= Piano Sonata Hob. XVI/33 =

Sonata by Joseph Haydn

The Piano Sonata in D major, Hob. XVI/33, L. 34, was written in possibly 1777 by Joseph Haydn.

== History ==

This sonata was first officially published in London in 1783 by Beardmore & Birchall without Haydn’s knowledge, but copies had been circulating for several years earlier. Haydn seemed to have made the piece not technically challenging, most likely due to the increased demand for pieces for amateur keyboard players in the 1770s.
Haydn’s keyboard sonatas evolved with the development of the keyboard through the late eighteenth century. The harpsichord was eventually replaced with the fortepiano, capable of gradual dynamic changes. The first thirty of Haydn’s keyboard sonatas are scored for harpsichord, while the next nine are scored for either harpsichord or fortepiano. This keyboard sonata, being the 33rd according to the Hoboken-Verzeichnis classification, is scored for harpsichord or fortepiano, leaving the choice to the performer. The keyboard sonatas written after 1770 show Haydn’s increased awareness of the dynamic and timbral possibilities on the fortepiano.

== Structure ==

The work has three movements:

The first movement is in 2/4 time and 193 measures in length. It opens with arpeggios, and is elaborately figured with Alberti bass, scales, thirds, and ornamentation. It also makes use of broken triads, double notes, octaves, and trills.

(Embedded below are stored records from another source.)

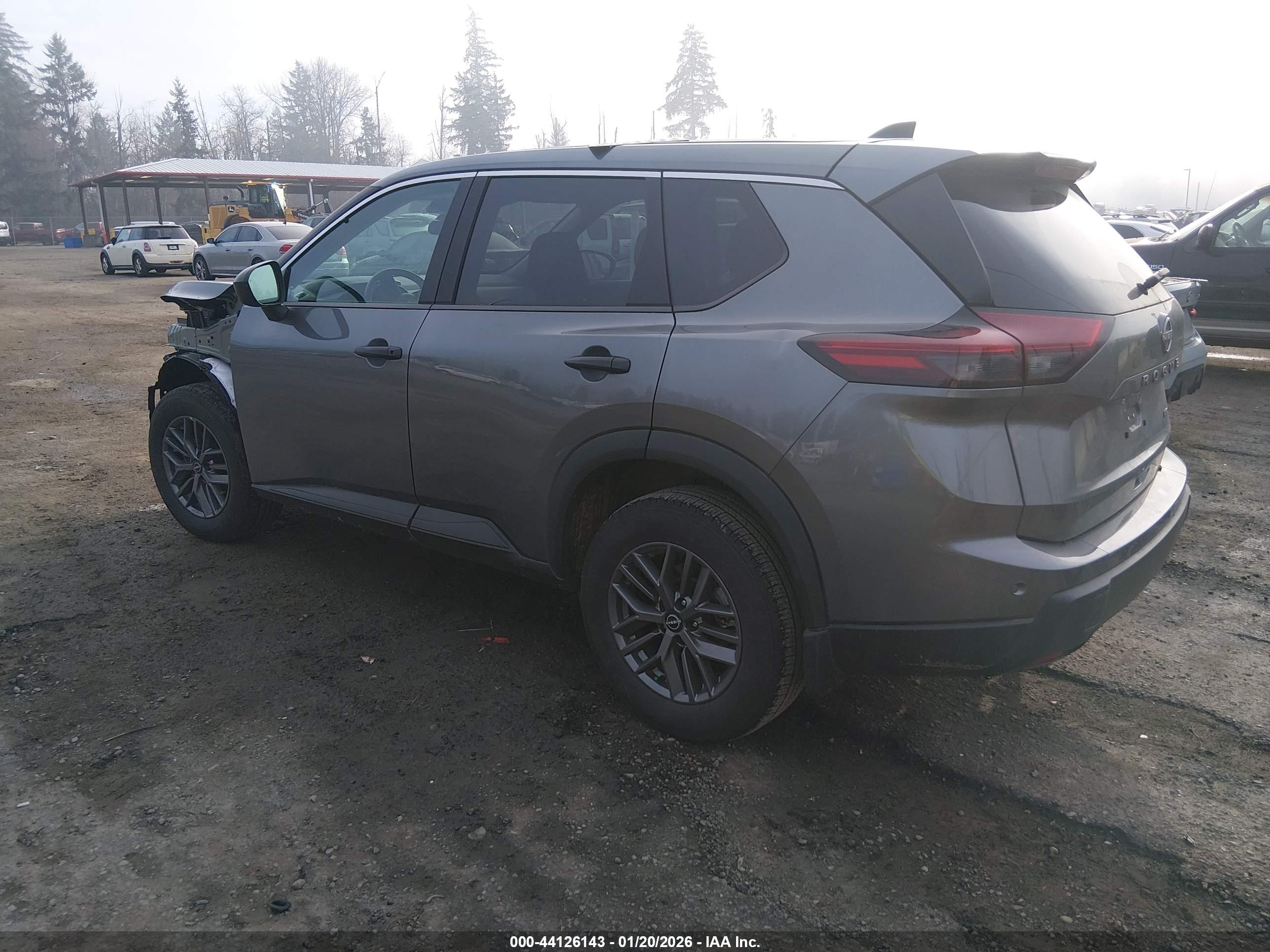 NISSAN ROGUE image 3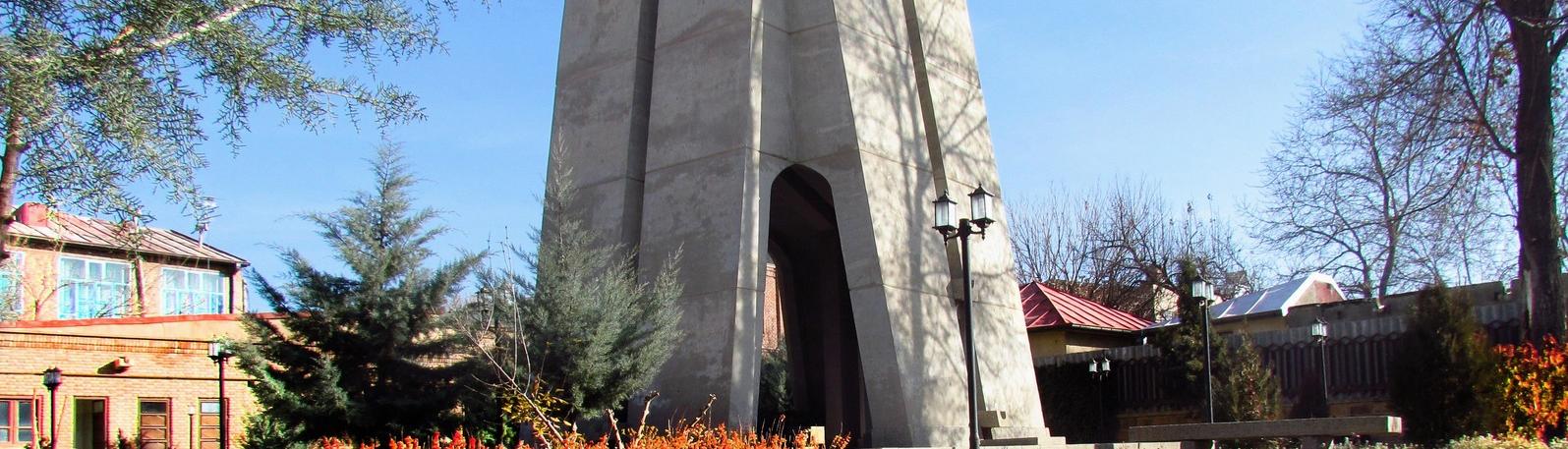 Τάφος του Ουχεντί Μαραγκέϊ, ένα σύγχρονο μνημείο στον τάφο του διάσημου Ιρανού ποιητή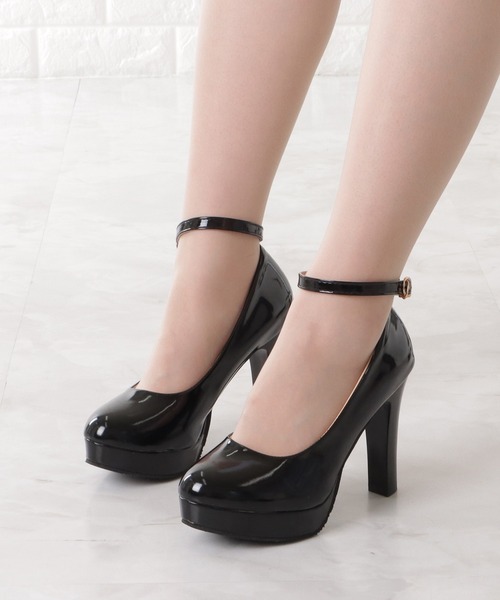 Lace Ladies(レースレディース)の「エナメル調ストラップハイヒールパンプス(パンプス・レディース・ブラック/ホワイト・23.5/23/ 25/24/22.5/24.5)」の3枚目の写真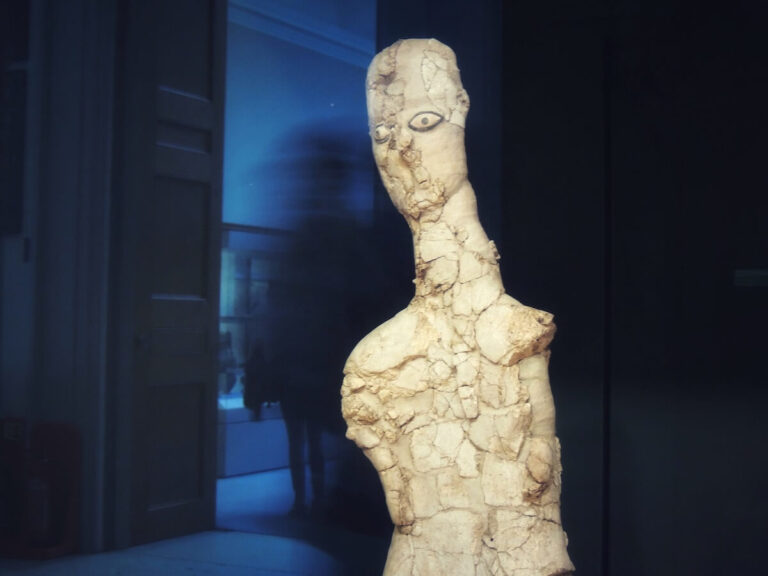 Neolithic human statue from Ain Ghazal in the british museum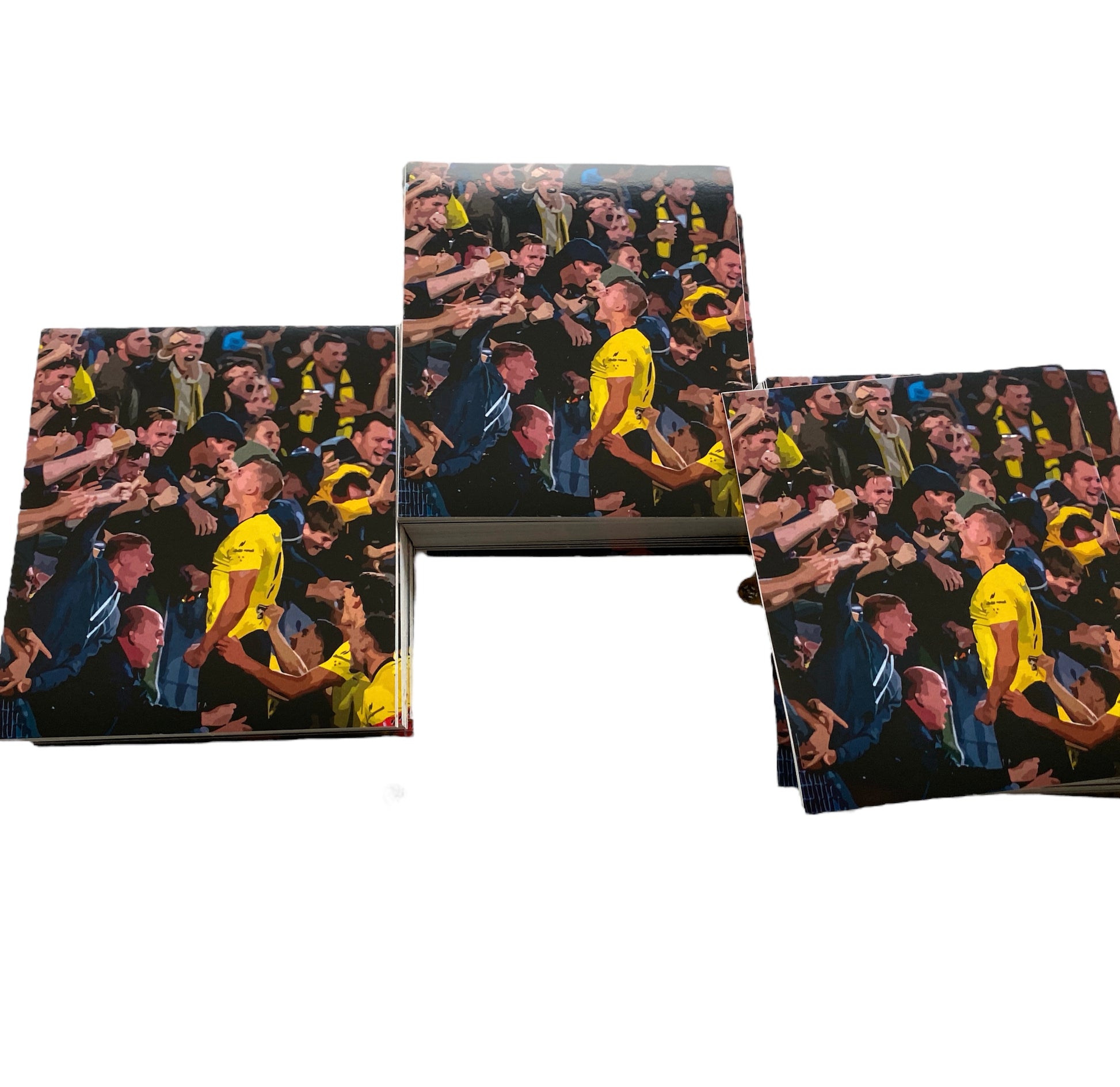 Deze foto toont vier stickers met afbeeldingen van NAC Breda speler Boy Kemper, omringd door fans. De stickers vangen de sfeer van een wedstrijd en de band tussen de spelers en supporters. Deze stickers zijn perfect voor NAC Breda fans die hun steun willen uiten voor de selectie. Ze zijn ideaal om te plakken op telefoons, laptops, auto's of andere persoonlijke spullen.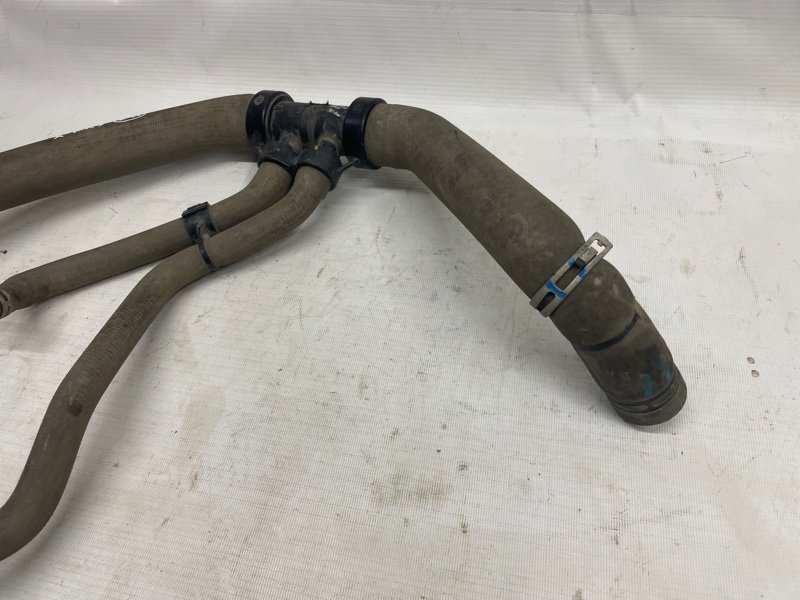 Патрубок Lada Xray 2021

The second movement is in D minor in 3/4 time, and is 52 measures long. It is described as a slow arioso with many dramatic pauses and tempo fluctuations. The last bar of this movement is fragmentary, and does not have a bar line, nor a fermata to indicate the end of the movement. Instead, it is completed by the upbeat of the finale, moving into a faster tempo but with the same time signature of 3/4. This is one example of the few times that Haydn connects movements in his sonatas.

The finale is 88 measures long and is in a double variation form. There are two themes, one major and one minor, which contrast effectively and lend themselves to development. The variations consist of many lively figurations, including fast scales and arpeggios divided between the left and right hands.